Thursday, 30 July 2015

Racist attitudes in central Africa during 1940's and 1950's

In my last post I mentioned the anti-Semitism I heard during my boyhood in central Africa (and indeed later when I returned to Britain). Much more prevalent in Rhodesia in the late 1940's and 1950's was racism.

I don't know how racist or anti-racism my parents were, but I know that they respected our African servants by calling them by their African names - and treated them (almost) as equals. I remember very well how my mother would sit with us at the table with our house servant (known in those days by all as a 'house-boy' despite the fact that he was a married man in his late thirties), Daasan, and talk about the Kenyan Mau-Mau (the terrorist/freedom fighters led by Jomo Kenyatta, who would later become first President of an independent Kenya).

Daasan claimed to be a great supporter of the Mau-Mau, saying that one day the whites would be driven out of Rhodesia or slaughtered if they stayed.
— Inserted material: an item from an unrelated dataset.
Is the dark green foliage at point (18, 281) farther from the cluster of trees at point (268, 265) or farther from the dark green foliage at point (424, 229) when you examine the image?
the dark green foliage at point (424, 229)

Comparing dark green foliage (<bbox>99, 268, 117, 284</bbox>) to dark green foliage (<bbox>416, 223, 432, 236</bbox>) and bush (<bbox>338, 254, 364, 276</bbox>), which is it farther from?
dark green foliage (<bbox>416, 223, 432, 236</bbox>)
When my mother asked if he could kill her children, Daasan answered with a big grin, and a grim sense of humour, 'Oh no, donna (lady), I could not kill any of you! No, I will go next door and kill them, and the house-boy next door will come in and kill you!' We all laughed.

Also, I recall my parents deploring the way some of their friends and acquaintances called their servants with demeaning names like 'Ticky' (threepence) or 'Sou-Sou' (sixpence); and in one case 'Sixpence' for their 'house-boy' and 'Poison' for their cook!
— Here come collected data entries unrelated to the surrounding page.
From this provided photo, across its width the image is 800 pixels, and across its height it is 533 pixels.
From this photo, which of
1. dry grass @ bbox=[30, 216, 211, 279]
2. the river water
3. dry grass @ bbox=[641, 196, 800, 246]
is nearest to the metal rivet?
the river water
Despite their more liberal approach, I don't think my parents questioned the very real segregation that existed in Luanshya. The Europeans lived in rather grand style in detached brick bungalows with large yards (maintained by black 'garden boys') in tree-lined streets. The 'blacks' lived in segregated African townships, apart from house servants who lived in a picinin kai-ah (little house - usually a single room dwelling) at the far end of a 'European' back-yard. There was a hospital for 'Europeans' and an 'African' hospital. (My father, a pharmacist, worked at both - and preferred the African hospital.)
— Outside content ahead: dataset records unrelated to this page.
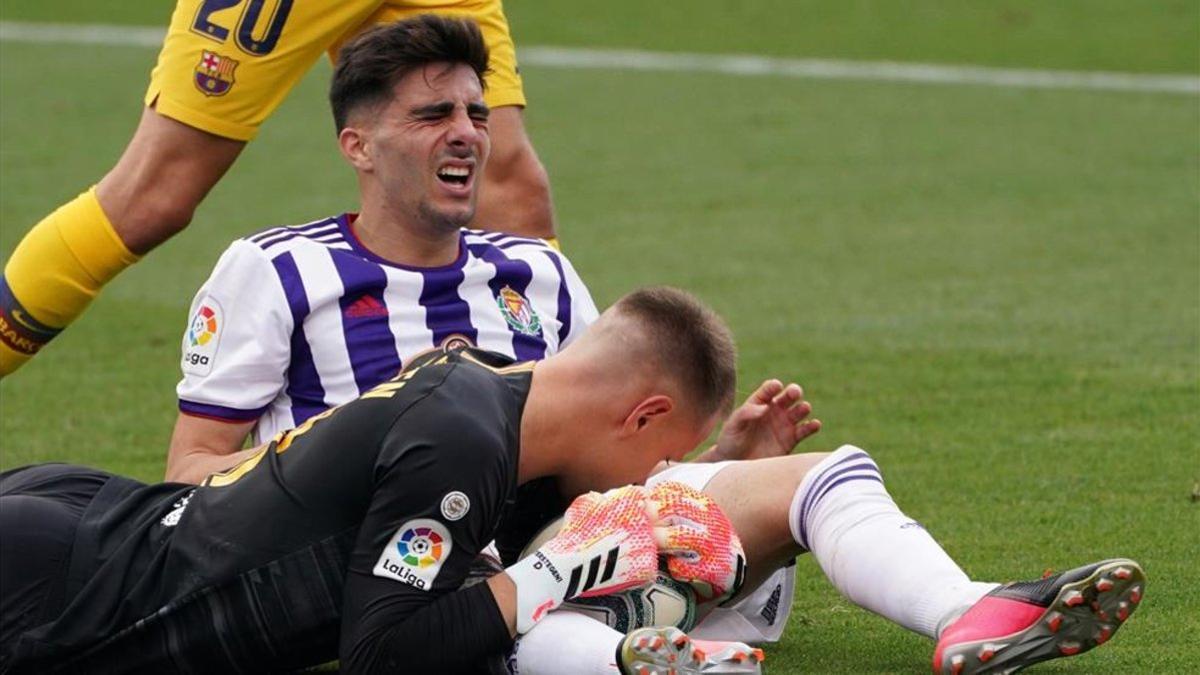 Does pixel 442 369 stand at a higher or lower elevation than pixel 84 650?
higher

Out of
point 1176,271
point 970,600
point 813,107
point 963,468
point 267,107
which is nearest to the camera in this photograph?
point 970,600

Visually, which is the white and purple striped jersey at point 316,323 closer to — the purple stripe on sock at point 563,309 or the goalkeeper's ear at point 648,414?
the purple stripe on sock at point 563,309

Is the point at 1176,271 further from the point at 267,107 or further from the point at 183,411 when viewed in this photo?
the point at 183,411

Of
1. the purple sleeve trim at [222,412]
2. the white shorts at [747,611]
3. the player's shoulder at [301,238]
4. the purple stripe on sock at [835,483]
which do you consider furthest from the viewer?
the player's shoulder at [301,238]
I think my parents were well aware that 'colonial' Africa was coming to an end and accepted that the day was not far away when black Africans would gain their independence. Their views were also possibly moderated by the fact that we, as a family, attended a church sponsored by the Church of Scotland (Presbyterian) and the leading voice calling for an open franchise was Kenneth Kaunda, a 'mission boy,' i.e., he'd been educated at a Church of Scotland sponsored mission (hence his Scottish pre-name, Kenneth).